Integral Ring Extension induces Surjection

Question

Let $\phi:R \subset A$ an integral ring extension.

I want to know why and how to see that in this case the induced morphism $f_{\phi}: \operatorname{Spec}(A) \to \operatorname{Spec}(R)$ is surjective.

Answer 1

The classical proof goes along these lines:

We need a lemma:

Lemma: Let $A$ be an integral domain, $R$ be a subring such that $A$ is integral over $R$. The $A$ is a field if and only if $R$ is.

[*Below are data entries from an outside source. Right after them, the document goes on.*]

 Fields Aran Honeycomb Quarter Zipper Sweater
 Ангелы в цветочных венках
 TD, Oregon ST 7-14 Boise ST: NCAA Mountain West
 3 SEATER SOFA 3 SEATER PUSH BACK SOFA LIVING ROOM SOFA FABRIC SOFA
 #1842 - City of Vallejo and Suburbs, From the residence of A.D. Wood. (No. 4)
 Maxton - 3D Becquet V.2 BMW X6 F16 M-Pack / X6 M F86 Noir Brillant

Suppose first $R$ is local ring, with maximal ideal $\mathfrak m$ , and consider any maximal ideal $\mathfrak n$ of $A$. As $R/\mathfrak n\cap R \hookrightarrow A/\mathfrak n\;$ is injective, the above lemma shows $\mathfrak n\cap R\;$ is a maximal ideal of $R$, hence $$\mathfrak n\cap R=\mathfrak m,$$ i.e. the maximal ideal ideal of $R$ lifts to $\operatorname{Max} A \subset\operatorname{Spec} A$.

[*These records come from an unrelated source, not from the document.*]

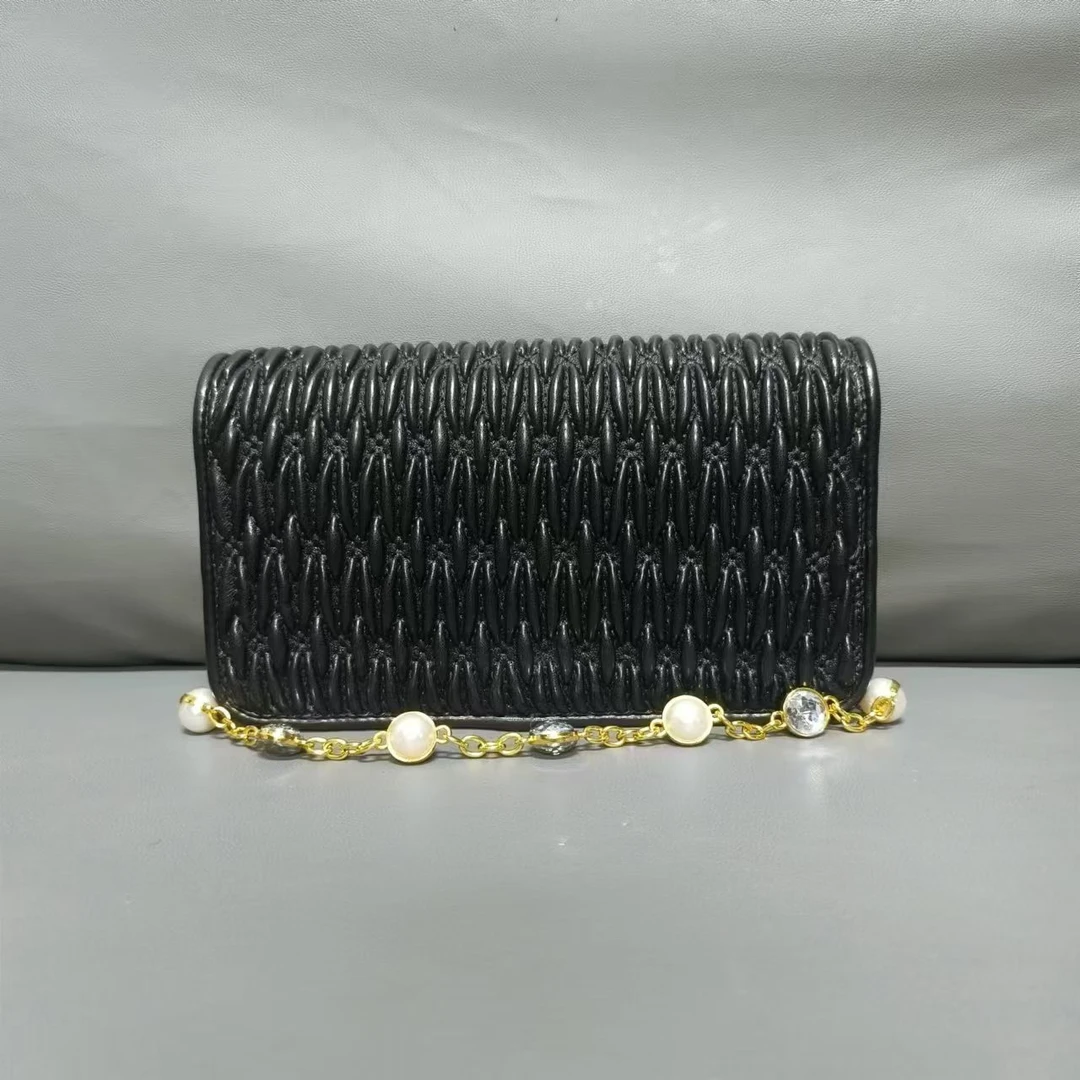 SMVP真皮包 褶皱 0203 黑色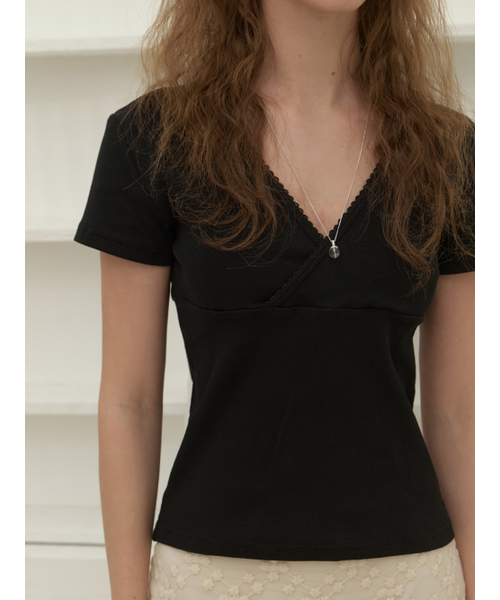 RE_L(リエル)の「Sia v lace half t-shirt (black)(Tシャツ/カットソー・レディース・その他・FREE)」の6枚目の写真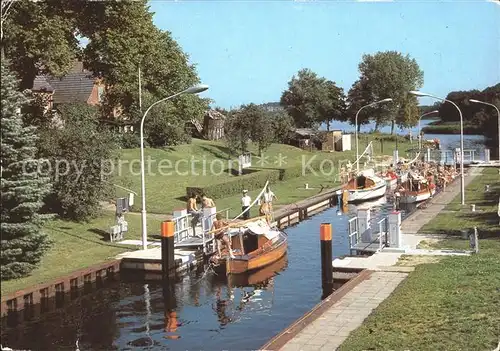 Canow Schleuse Kat. Wustrow Wesenberg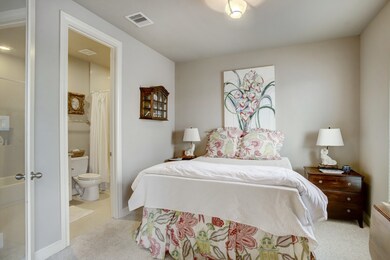 First floor bedroom with full bathroom.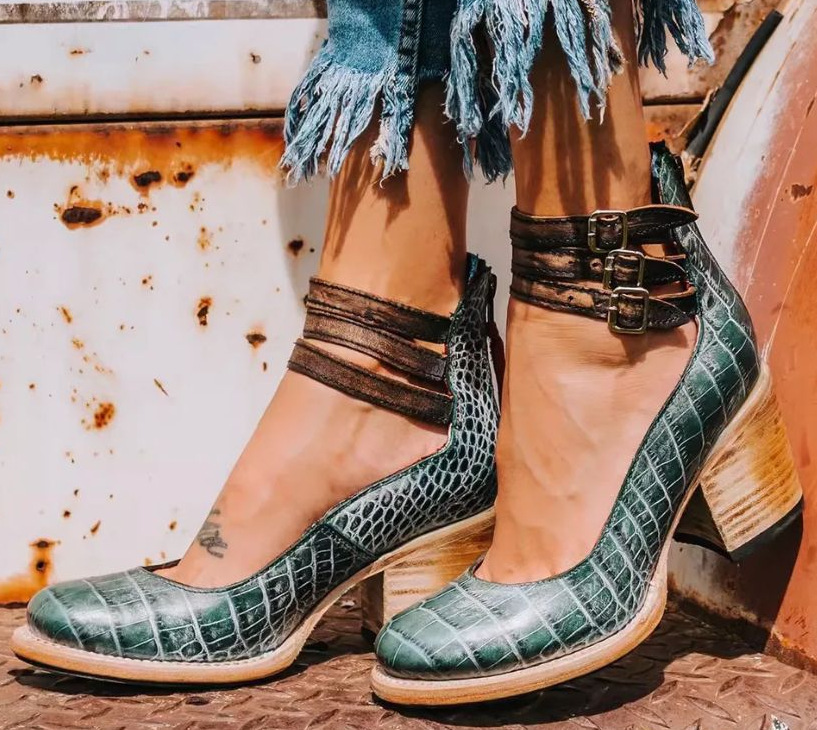 Arielle | Women’s Ankle Boots featuring Buckle Strap Detail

Now for the general case: let $\mathfrak p\in\operatorname{Spec}R$, localise at $\mathfrak p$ and consider the commutative diagram: \begin{alignat}{2} R_{\phantom{\mathfrak p}}& \hookrightarrow& A_{\phantom{\mathfrak p}}\\ \downarrow_{\phantom{\mathfrak p}}&&\downarrow_{\phantom{\mathfrak p}}\\ R_{\mathfrak p}& \hookrightarrow&\; A_{\mathfrak p} \end{alignat} By the local case, $\mathfrak p R_{\mathfrak p}$ lifts to a maximal ideal $\mathfrak n $ in $A_{\mathfrak p}$. This ideal is the localisation $\mathfrak q_{\mathfrak p}$ of a prime ideal $\mathfrak q\in\operatorname{Spec} A$, and, since the inverse image of $\mathfrak n =\mathfrak q_{\mathfrak p}$ in $R_{\mathfrak p}$ is $\mathfrak p R_{\mathfrak p}$, hence its inverse image in $R$ is $\mathfrak p$, the inverse image of $\mathfrak q$ in $R$ by the upper map is also $\mathfrak p$.